-- WHAT THE TASK ASKS --
For this exercise, copy exactly the lines below from the one with "Breast Cancer Awareness" through the one with "Civil Engineering Notebook" and leave out the pictures.

-- DATASET CONTENT --
%%
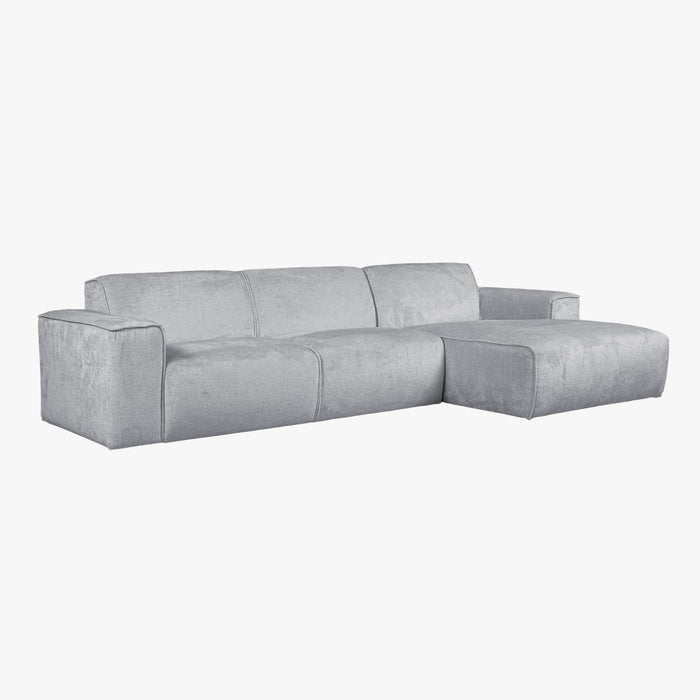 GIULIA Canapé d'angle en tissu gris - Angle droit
%%
%%
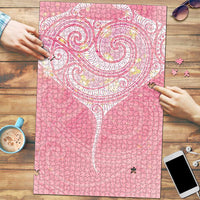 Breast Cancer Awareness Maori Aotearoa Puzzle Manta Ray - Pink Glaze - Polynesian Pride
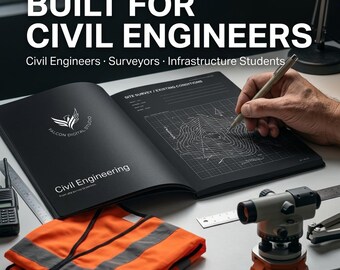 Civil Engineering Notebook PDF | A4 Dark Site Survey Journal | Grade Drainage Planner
%%
%%
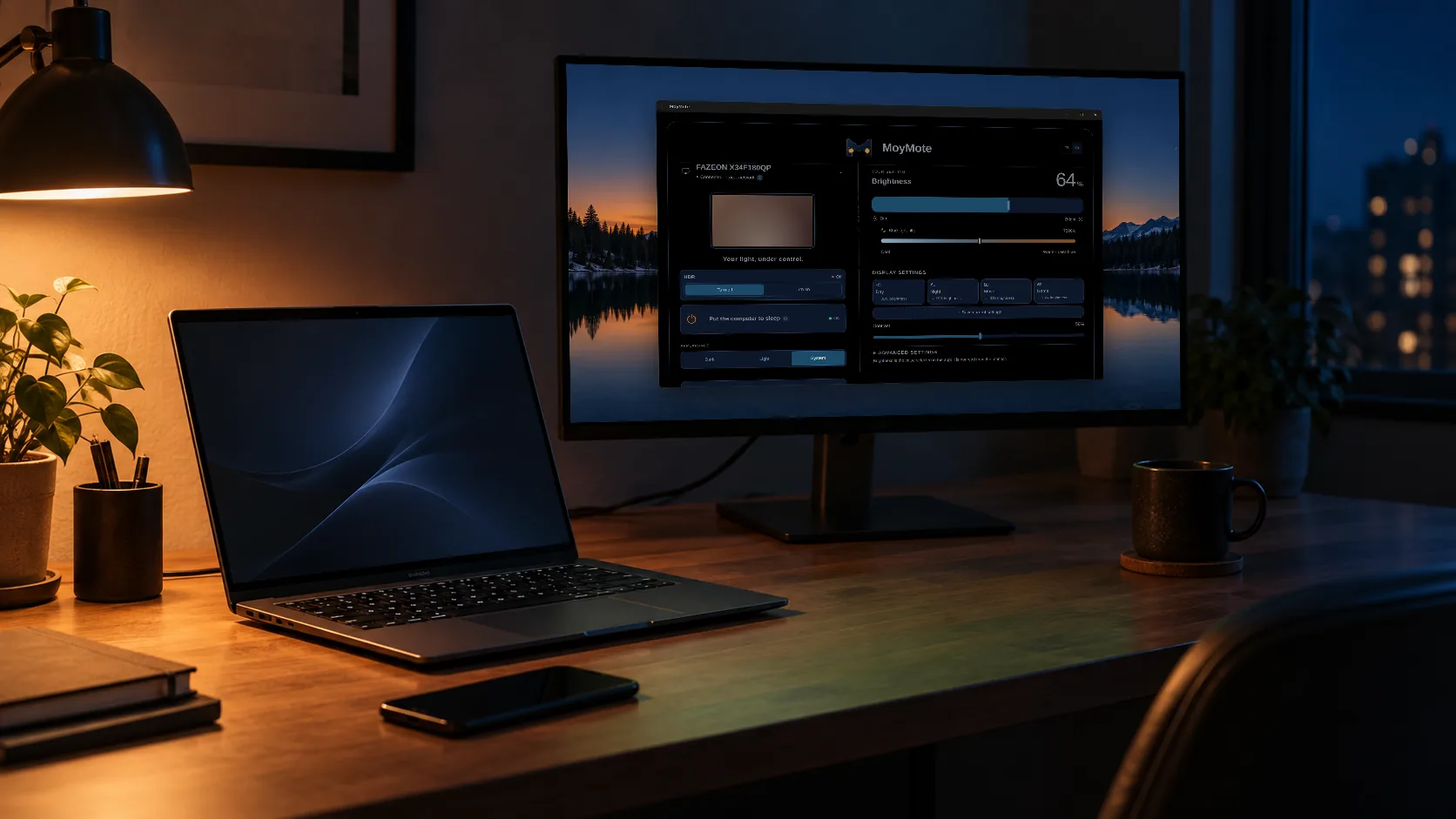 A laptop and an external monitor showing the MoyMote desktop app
%%
-- ANSWER TO THIS TASK --
 Breast Cancer Awareness Maori Aotearoa Puzzle Manta Ray - Pink Glaze - Polynesian Pride
 Civil Engineering Notebook PDF | A4 Dark Site Survey Journal | Grade Drainage Planner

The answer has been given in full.